Chaplain Cyril David Alcorn

Cyril David Alcorn (1911-1972), Methodist minister, born on 16 July 1911 at Mutdapilly, near Ipswich, Queensland, eldest of nine children of David Ebenezer Alcorn, farmer, and his wife Mary Ellen, née Wells, both Queenslanders. Cyril was educated at Normanby and Tingalpa State schools, Brisbane State High School and the Teachers' Training College. Sent as a teacher to Greenup, in south west Queensland, he lived in a tent in the school grounds to save money for a theological training, but was known to swagmen during the Depression as one who would provide them with food. In 1935 he was accepted as a candidate for the Methodist ministry; he entered King's College, University of Queensland (BA, 1940; MA, 1964), and was ordained 3 March 1941.
At the Albert Street Methodist Church, Brisbane, Cyril married Joyce Carmichael, a domestic science teacher, on 29 March 1941. The couple had intended to go to India as missionaries, but their plan was frustrated by Japan's entry into World War II. From December 1942 until 1946 Cyril served as a chaplain in the RAN: he was initially stationed in Darwin and later sailed in HMAS Shropshire in 1944-45. While in Darwin he had made friends with Rev. Arch Grant, a former padre with the Australian Inland Mission; after the war he and Alcorn worked together in Darwin to help set up a United Church in Northern Australia. As Principal (1947-55) of Blackheath and Thornburgh Colleges at Charters Towers, North Queensland, Cyril improved the property and introduced a new course in agriculture, as well as another in home science (run by his wife Joyce). In 1956 he became Superintendent Minister of the Ashgrove circuit and was Senior Naval Chaplain at the Port of Brisbane. He received a Bachelor degree from the Melbourne College of Divinity in 1958.
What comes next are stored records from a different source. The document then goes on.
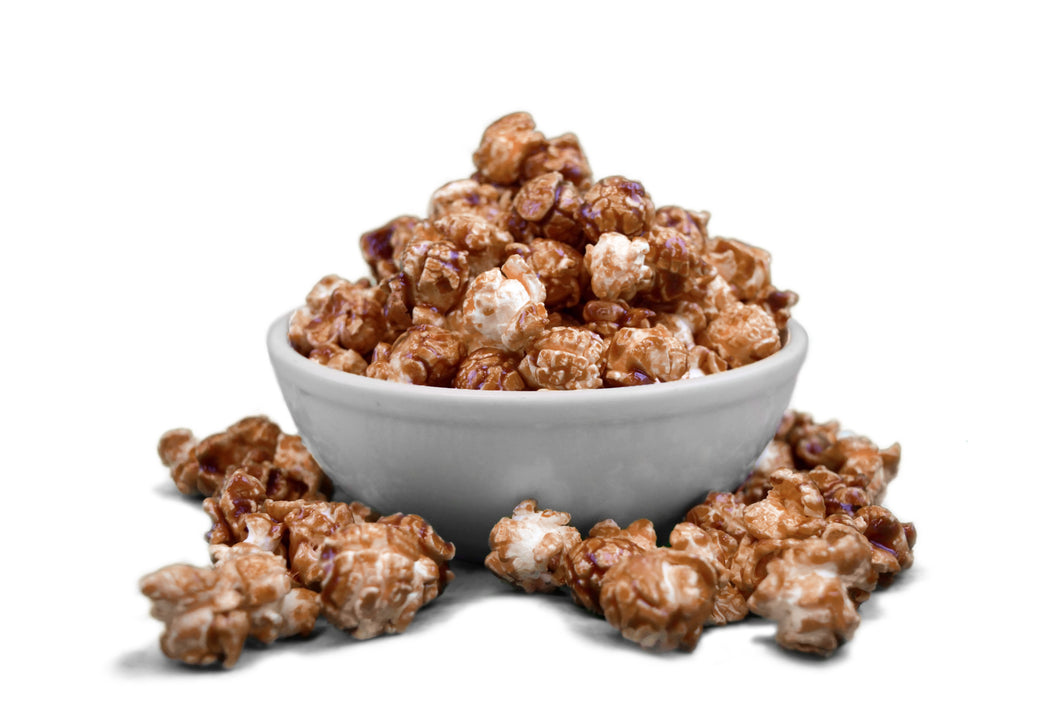 Caramel
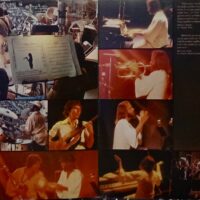 Chuck Mangione – Live At The Hollywood Bowl (An Evening Of Magic) 1979 - Image 5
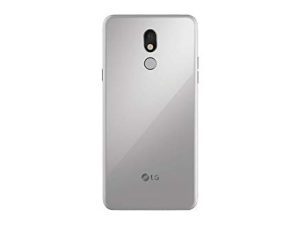 Smartphone Android LG Stylo 5 LMQ720 32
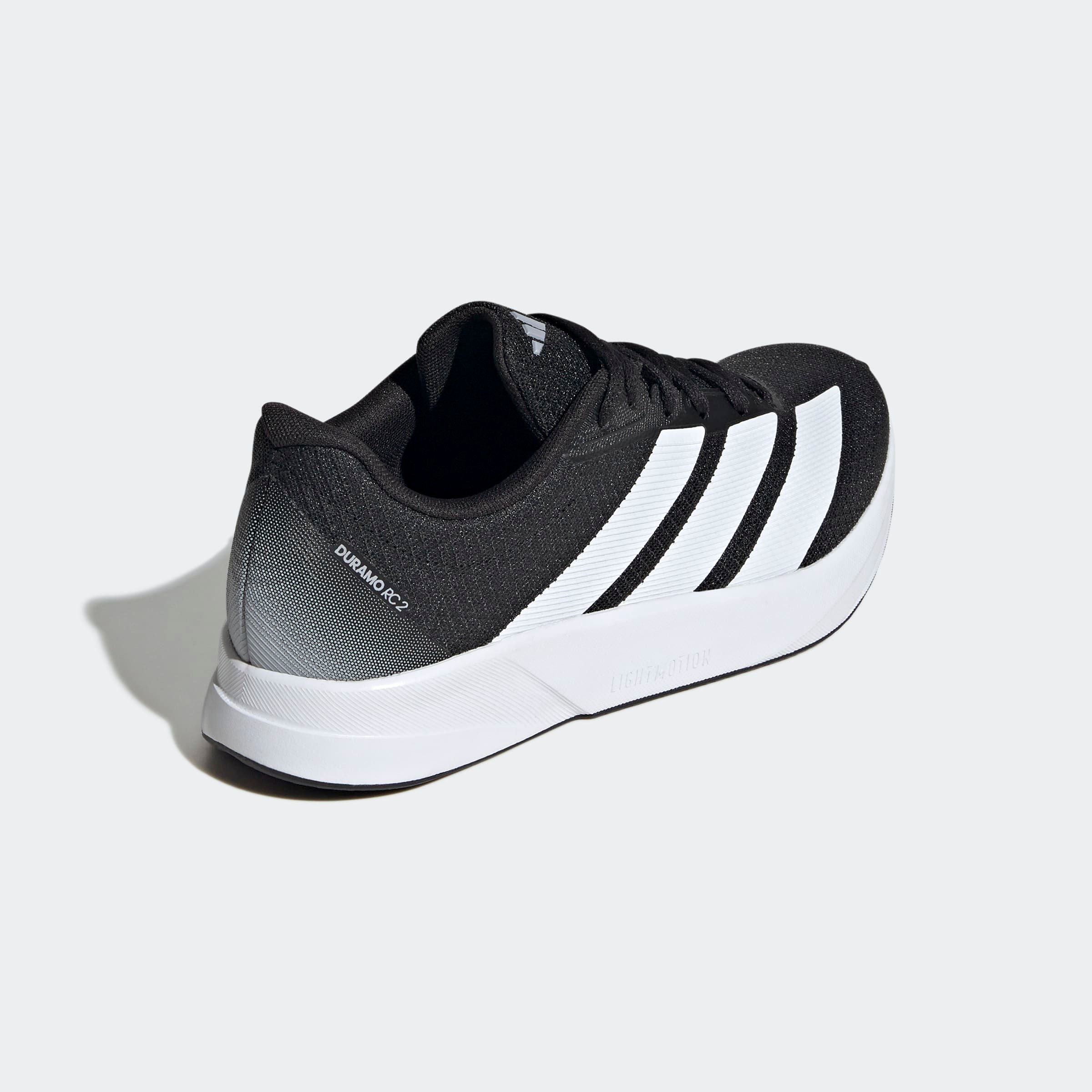 adidas Performance Laufschuh »DURAMO RC2«  sehr leicht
With his brother Ivan, in 1960 he established the Methodist Training College and Bible School (later Alcorn College) at Kangaroo Point, Brisbane, where students were prepared for the ministry.
When he was appointed MBE in 1966, Cyril's citation acknowledged the pastoral care he had given after the sinking of HMAS Voyager in 1964. He was respected as 'a great preacher and a compassionate man'. Survived by his wife, daughter and three of his four sons, Cyril Alcorn died of ruptured abdominal aneurysm on 15 May 1972 at Parkville, Melbourne and was cremated in Brisbane. As an embodiment of robust Christianity Cyril was a teacher, scholarly, thoughtful and without guile.